Worthington Enterprises, Inc.
- Type: Public company
- Traded as: NYSE: WOR
- Industry: Building products Consumer products
- Founded: 1955; 71 years ago
- Founder: John H. McConnell
- Headquarters: Columbus, Ohio, United States
- Number of locations: 14 locations
- Area served: Global
- Key people: Joseph Hayek (CEO)
- Brands: Amtrol, Amtrol-Alfa, Balloon Time, Bernzomatic, Coleman (propane cylinders), Elgen, Garden Weasel, General, HALO, LEVEL5 Tools, Mag Torch, Pactool International, Ragasco
- Revenue: $1.2 billion net sales (FY 2025)
- Number of employees: 6,000 (including joint ventures)
- Website: worthingtonenterprises.com

= Worthington Enterprises =

U.S. metals manufacturing company

Worthington Enterprises, Inc. (formerly Worthington Industries) is an American industrial manufacturing company headquartered in Columbus, Ohio. The company is composed of two business segments, consumer products and building products. Within these segments, the company designs and manufactures pressure vessels such as propane, oxygen and helium tanks, refrigerant and industrial cylinders, camping and residential use cylinders, water system tanks for storage, treatment, heating, expansion and flow control, as well as a variety of retail products under several brand names.

==History==
Worthington Industries was founded in 1955 by John H. McConnell, a steel salesman. McConnell saw an opportunity for custom-processed steel and purchased his first load of steel by borrowing $600 against his 1952 Oldsmobile. He founded the company in Columbus, Ohio, where it is still headquartered.
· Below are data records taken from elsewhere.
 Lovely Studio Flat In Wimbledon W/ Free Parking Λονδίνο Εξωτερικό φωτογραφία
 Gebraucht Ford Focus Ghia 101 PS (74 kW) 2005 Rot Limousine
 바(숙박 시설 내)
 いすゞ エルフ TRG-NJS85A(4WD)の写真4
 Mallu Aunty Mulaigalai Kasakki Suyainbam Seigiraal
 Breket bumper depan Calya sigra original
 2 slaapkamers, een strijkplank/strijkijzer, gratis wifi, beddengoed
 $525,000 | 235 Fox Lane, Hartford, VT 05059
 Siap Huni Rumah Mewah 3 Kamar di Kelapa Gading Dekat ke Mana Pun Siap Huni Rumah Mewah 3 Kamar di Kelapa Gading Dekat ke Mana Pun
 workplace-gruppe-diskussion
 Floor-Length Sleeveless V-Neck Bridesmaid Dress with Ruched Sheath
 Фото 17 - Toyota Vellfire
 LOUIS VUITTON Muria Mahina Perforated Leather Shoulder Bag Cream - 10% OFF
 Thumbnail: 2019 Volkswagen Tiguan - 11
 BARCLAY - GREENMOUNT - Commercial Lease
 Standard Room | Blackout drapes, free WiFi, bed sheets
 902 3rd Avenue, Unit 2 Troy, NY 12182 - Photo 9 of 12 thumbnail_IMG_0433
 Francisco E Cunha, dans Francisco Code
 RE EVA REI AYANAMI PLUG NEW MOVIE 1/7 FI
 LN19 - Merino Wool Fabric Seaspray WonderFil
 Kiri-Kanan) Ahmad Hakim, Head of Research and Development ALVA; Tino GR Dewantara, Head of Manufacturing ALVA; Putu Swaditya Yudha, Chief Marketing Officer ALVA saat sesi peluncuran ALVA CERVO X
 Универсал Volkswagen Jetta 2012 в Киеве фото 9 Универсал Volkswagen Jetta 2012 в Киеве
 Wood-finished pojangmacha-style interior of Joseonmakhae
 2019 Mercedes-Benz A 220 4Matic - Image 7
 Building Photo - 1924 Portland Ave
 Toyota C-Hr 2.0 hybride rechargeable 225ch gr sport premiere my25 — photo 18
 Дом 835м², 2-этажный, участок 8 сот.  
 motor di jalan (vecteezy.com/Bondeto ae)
In his first year of business, McConnell grossed $342,000; his profit was $11,000. Throughout the late 1950s and 1960s, he continued to add processing facilities. In 1966, he started sharing his profits with the people he worked with. In 1968, Worthington Industries made its first public stock offering of 150,000 shares at $7.50 per share. Throughout the 1980s, the company continued to expand rapidly.

In 1996, John H. McConnell's son, John P. McConnell, took over as chairman and CEO. He had worked for the company for more than 20 years, having started as a general laborer and later advancing to sales, operations and personnel.

In 2000, Worthington Industries moved to the New York Stock Exchange.

In June 2017, the company acquired Amtrol for $283 million.

In 2022, the company announced its intent to spin off its steel processing business and split into two separate, publicly traded companies. On November 9, 2023, the separation was approved by the board of directors.

On December 1, 2023, Worthington Industries completed its planned separation into two companies: Worthington Enterprises and Worthington Steel.

In 2024, Worthington Enterprises acquired HALO, an outdoor cooking company that makes pizza ovens, griddles and pellet grills. In June, the company announced two transactions with Hexagon Composites in Norway: the partial sale of its sustainable energy solutions business to create a joint venture, and the complete purchase of Hexagon Ragasco, the composite cylinder division of Hexagon Composites.